Papers

Impala: A Modern, Open-Source SQL Engine for Hadoop (2015)

Summary. Impala is a distributed query engine built on top of Hadoop. That is, it builds off of existing Hadoop tools and frameworks and reads data stored in Hadoop file formats from HDFS.

Impala's CREATE TABLE commands specify the location and file format of data stored in Hadoop. This data can also be partitioned into different HDFS directories based on certain column values. Users can then issue typical SQL queries against the data. Impala supports batch INSERTs but doesn't support UPDATE or DELETE. Data can also be manipulated directly by going through HDFS.

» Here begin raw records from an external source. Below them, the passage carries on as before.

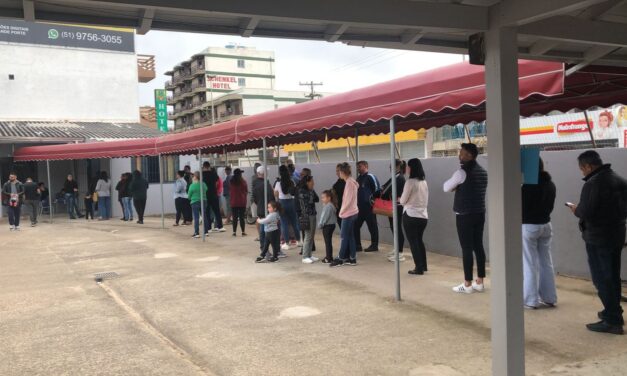 Quem estiver na fila às 17h poderá votar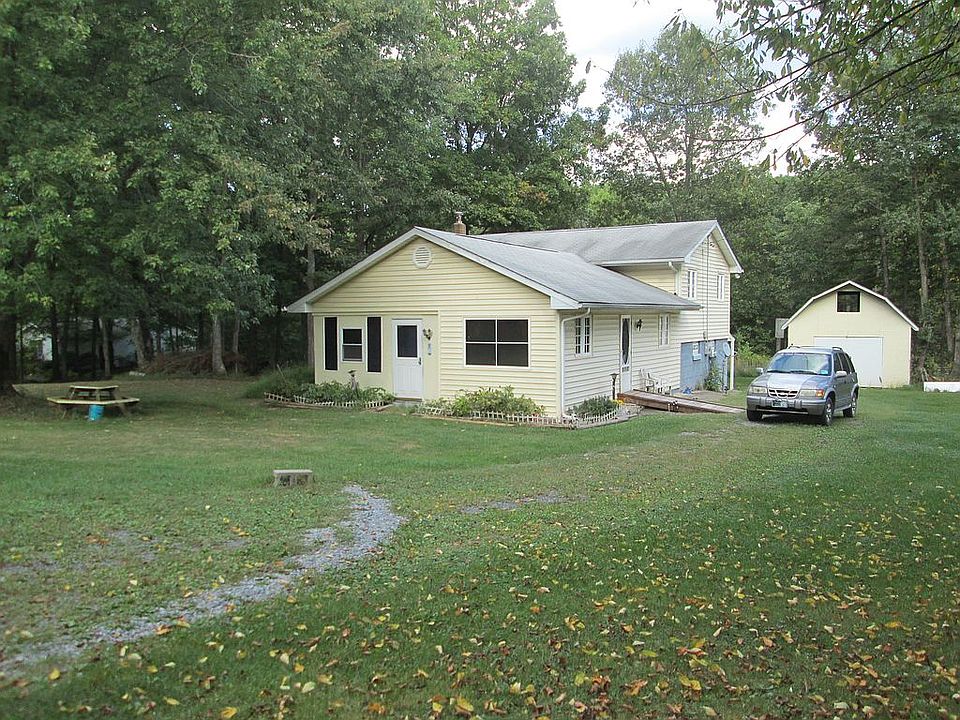 Hampshire County.Split level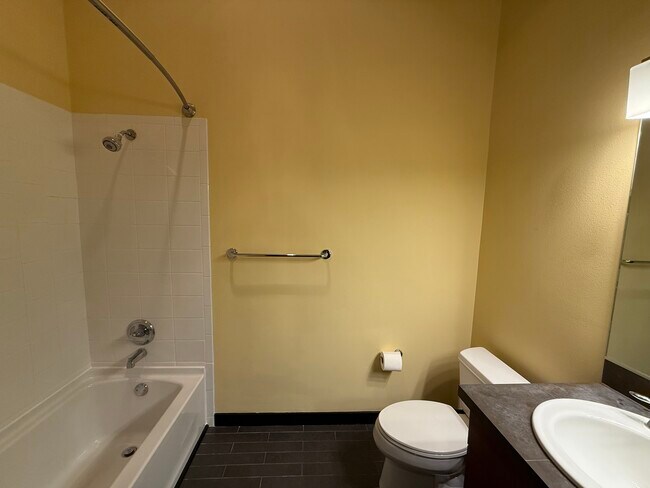 Building Photo - 655 Crockett St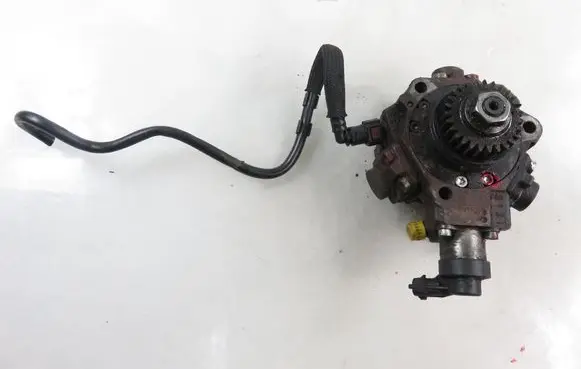 Opel Movano B Fuel injection high pressure pump 8201045496 0445010250 167002972RA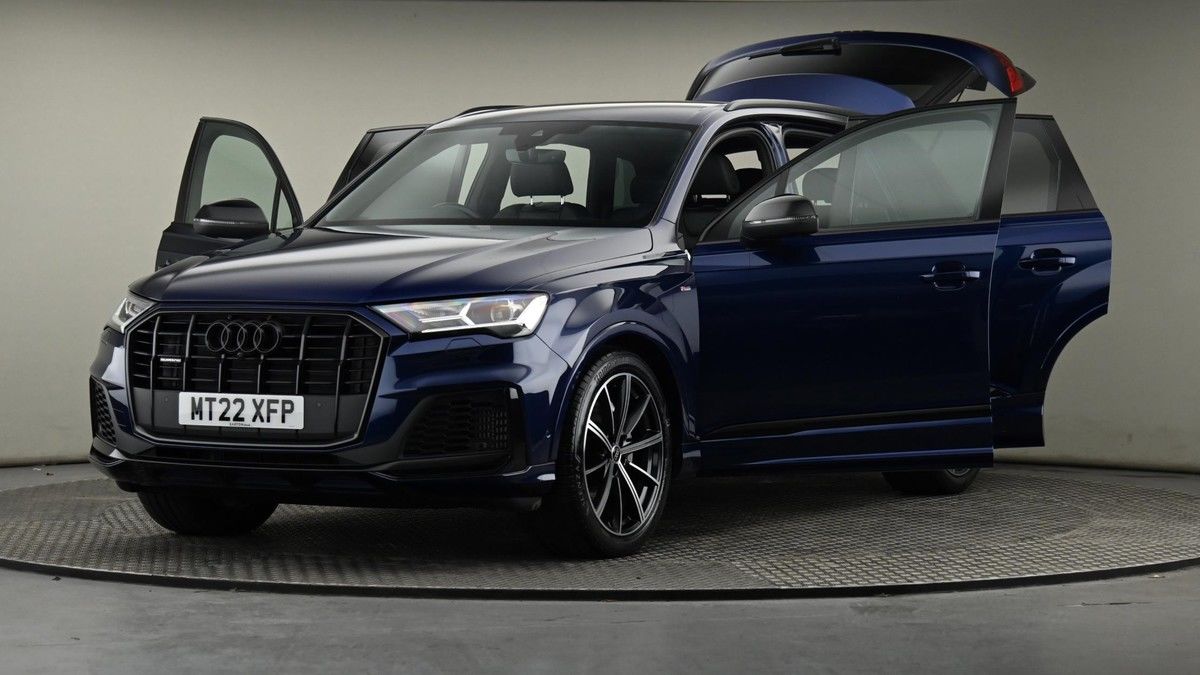 Audi Q7 Image 10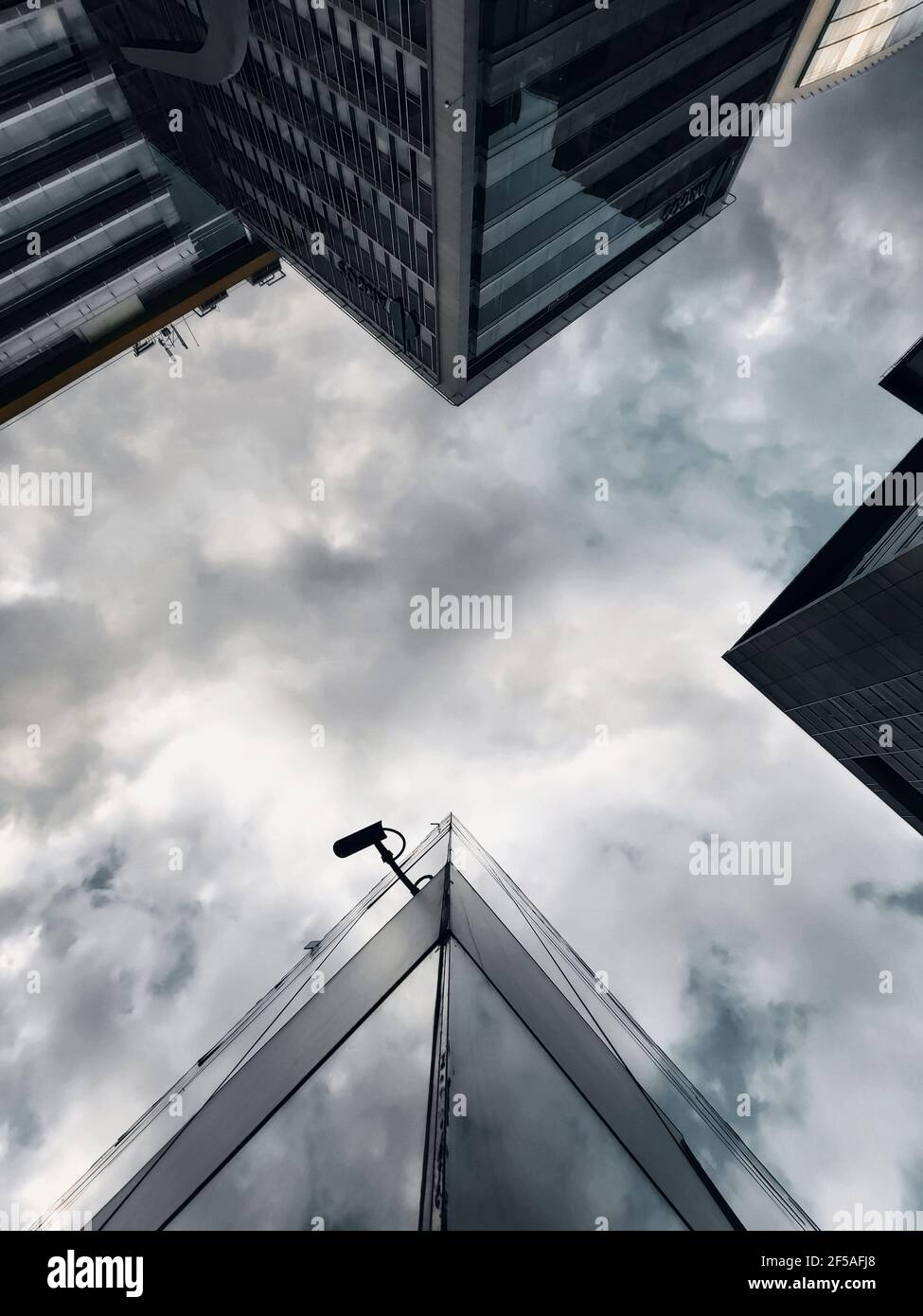 Skycrappers sky low angle view hi-res stock photography and images - Alamy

Impala is divided into three components.

An Impala daemon (impalad) runs on each machine and is responsible for receiving queries from users and for orchestrating the execution of queries.
A single Statestore daemon (statestored) is a pub/sub system used to disseminate system metadata asynchronously to clients. The statestore has weak semantics and doesn't persist anything to disk.
A single Catalog daemon (catalogd) publishes catalog information through the statestored. The catalogd pulls in metadata from external systems, puts it in Impala form, and pushes it through the statestored.

Impala has a Java frontend that performs the typical database frontend operations (e.g. parsing, semantic analysis, and query optimization). It uses a two phase query planner.

Single node planning. First, a single-node non-executable query plan tree is formed. Typical optimizations like join reordering are performed.
Plan parallelization. After a single node plan is formed, it is fragmented and divided between multiple nodes with the goal of minimizing data movement and maximizing scan locality.

Impala has a C++ backed that uses Volcano style iterators with exchange operators and runtime code generation using LLVM. To efficiently read data from disk, Impala bypasses the traditional HDFS protocols. The backend supports a lot of different file formats including Avro, RC, sequence, plain test, and Parquet.

For cluster and resource management, Impala uses a home grown Llama system that sits over YARN.